# Problem to solve
Output the data below only from the line containing "Used Volkswagen Sharan" up to and including the line containing "Nuninails's tweet photo.", exact and with the pictures left out.

# Given entries
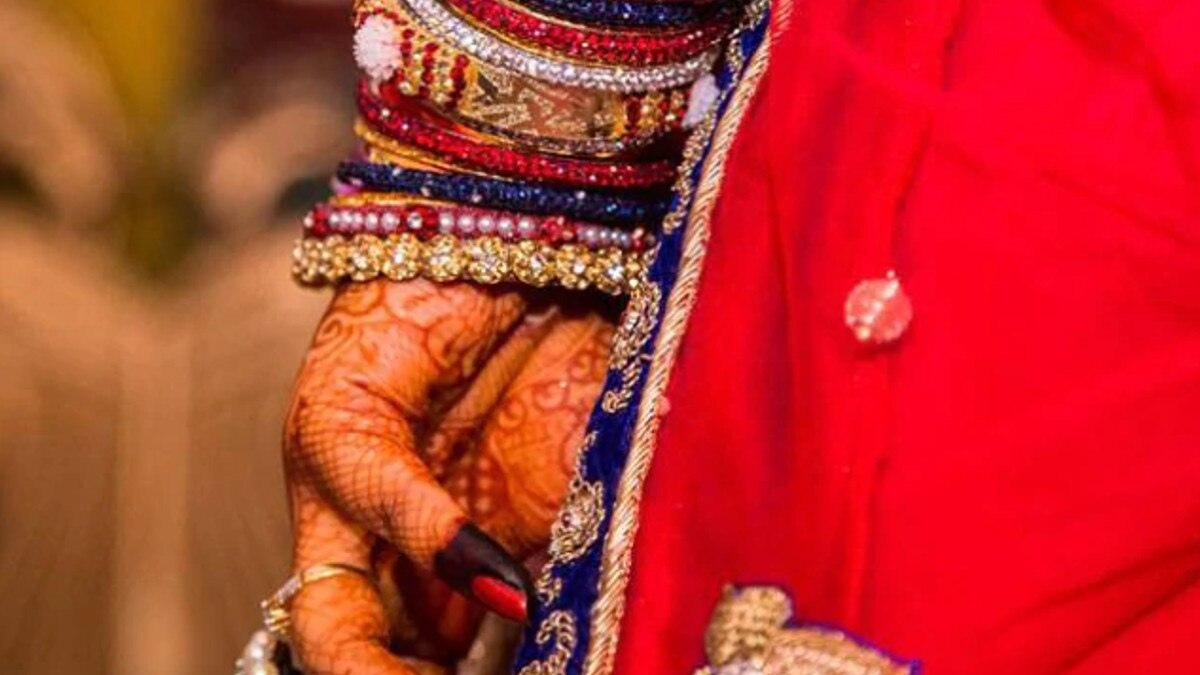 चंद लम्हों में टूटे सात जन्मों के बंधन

...

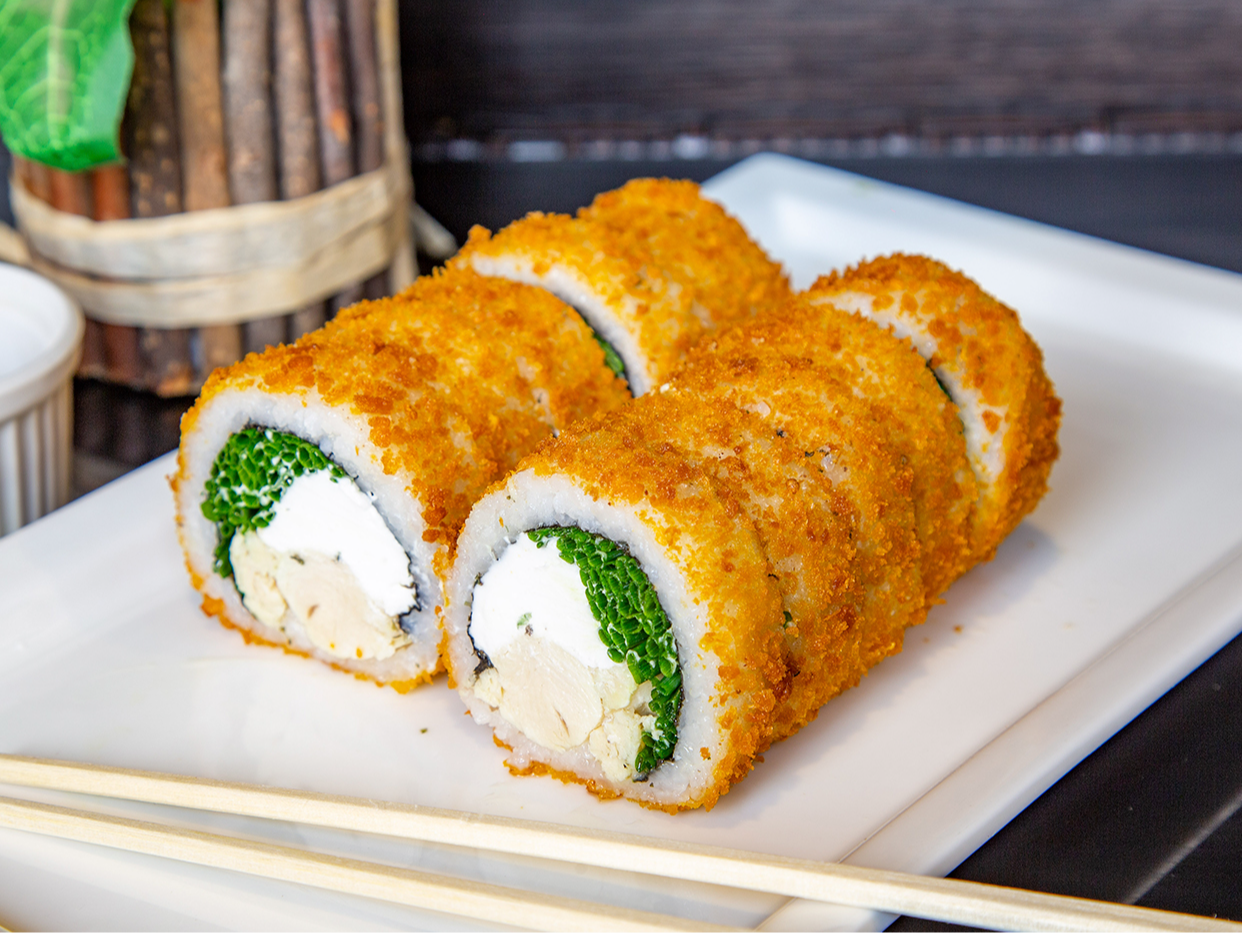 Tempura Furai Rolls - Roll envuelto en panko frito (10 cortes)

==

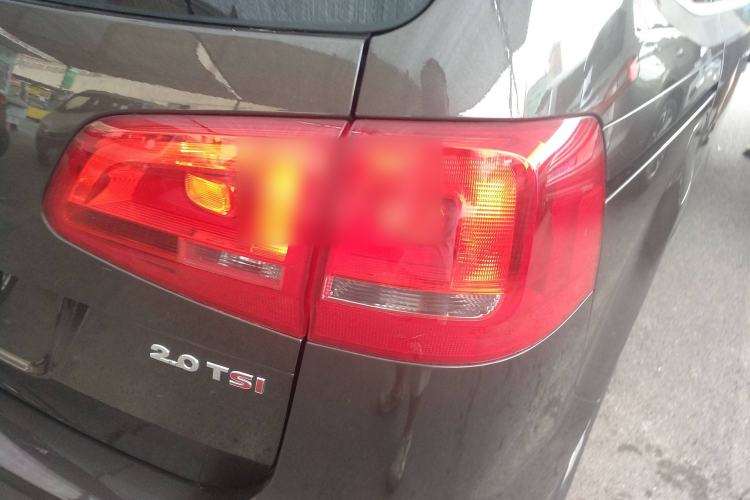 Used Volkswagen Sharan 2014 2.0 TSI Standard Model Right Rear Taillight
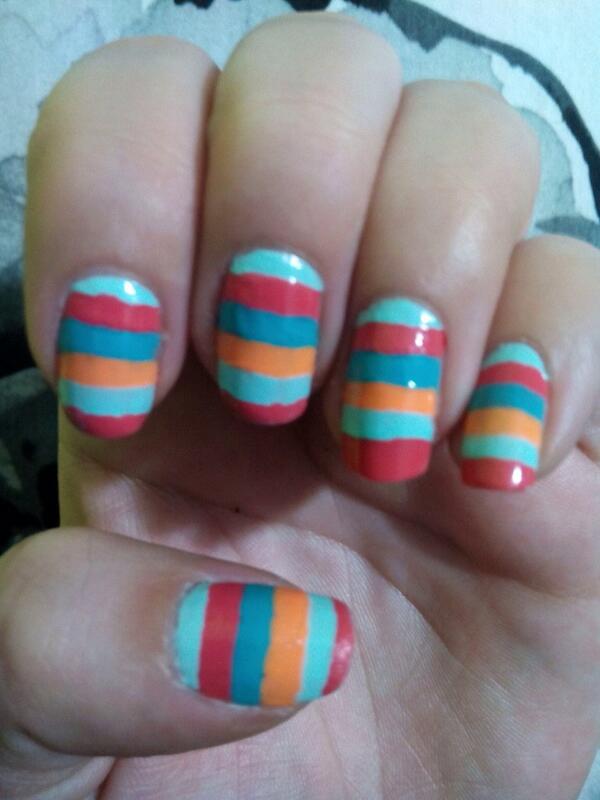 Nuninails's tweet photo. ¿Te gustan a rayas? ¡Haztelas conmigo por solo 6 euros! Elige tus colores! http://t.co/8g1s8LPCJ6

# Task result
 Used Volkswagen Sharan 2014 2.0 TSI Standard Model Right Rear Taillight
 Nuninails's tweet photo. ¿Te gustan a rayas? ¡Haztelas conmigo por solo 6 euros! Elige tus colores! http://t.co/8g1s8LPCJ6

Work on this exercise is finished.